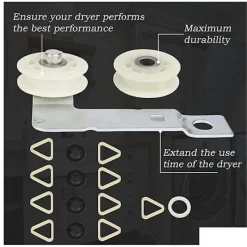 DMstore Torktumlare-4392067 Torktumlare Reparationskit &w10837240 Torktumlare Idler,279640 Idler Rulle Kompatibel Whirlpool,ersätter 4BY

----------------

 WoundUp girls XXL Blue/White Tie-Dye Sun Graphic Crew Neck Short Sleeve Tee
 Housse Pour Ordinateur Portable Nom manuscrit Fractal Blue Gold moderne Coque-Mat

----------------

A copy of each line in the data above that holds the string "Blue" is needed.

 WoundUp girls XXL Blue/White Tie-Dye Sun Graphic Crew Neck Short Sleeve Tee
 Housse Pour Ordinateur Portable Nom manuscrit Fractal Blue Gold moderne Coque-Mat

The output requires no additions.